REQUIRED ACTION.
Check every line of the material below for the string "this", and return the ones that have it.

INFORMATION PROVIDED.
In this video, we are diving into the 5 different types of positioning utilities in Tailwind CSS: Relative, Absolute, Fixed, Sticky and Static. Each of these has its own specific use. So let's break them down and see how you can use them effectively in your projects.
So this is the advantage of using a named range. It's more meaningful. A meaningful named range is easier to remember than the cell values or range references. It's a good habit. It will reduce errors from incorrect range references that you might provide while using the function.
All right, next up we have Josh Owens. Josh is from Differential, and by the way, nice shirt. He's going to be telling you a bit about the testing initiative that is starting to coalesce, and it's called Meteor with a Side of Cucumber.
==
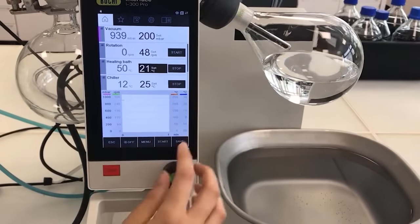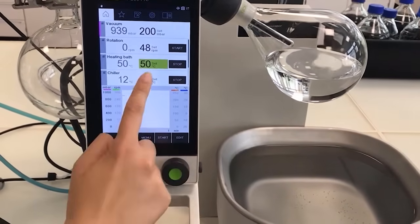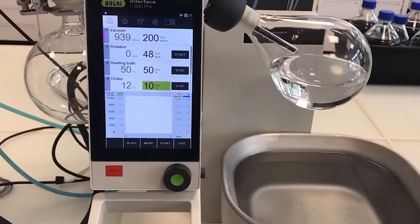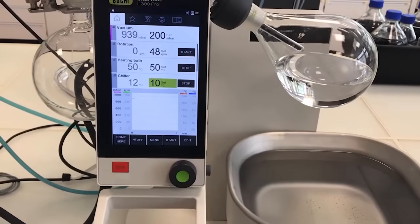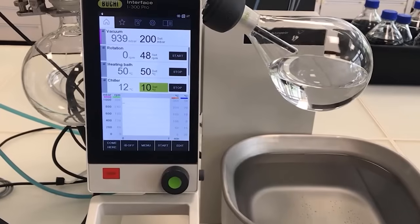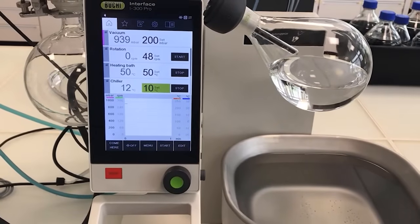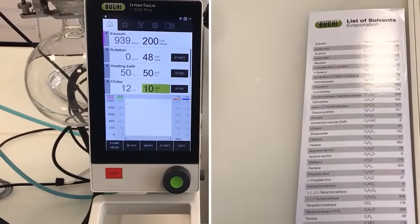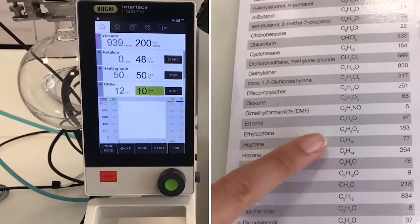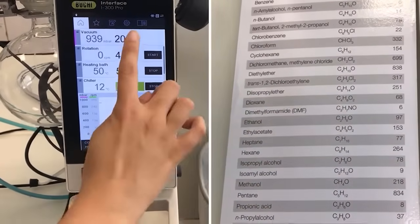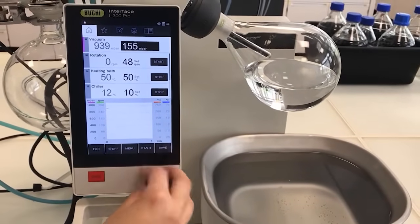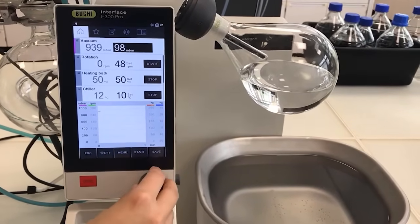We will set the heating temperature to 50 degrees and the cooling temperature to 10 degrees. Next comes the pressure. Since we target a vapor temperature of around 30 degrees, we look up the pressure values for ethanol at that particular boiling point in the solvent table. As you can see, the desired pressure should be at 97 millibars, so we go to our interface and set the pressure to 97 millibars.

COMPLETED TASK.
In this video, we are diving into the 5 different types of positioning utilities in Tailwind CSS: Relative, Absolute, Fixed, Sticky and Static. Each of these has its own specific use. So let's break them down and see how you can use them effectively in your projects.
So this is the advantage of using a named range. It's more meaningful. A meaningful named range is easier to remember than the cell values or range references. It's a good habit. It will reduce errors from incorrect range references that you might provide while using the function.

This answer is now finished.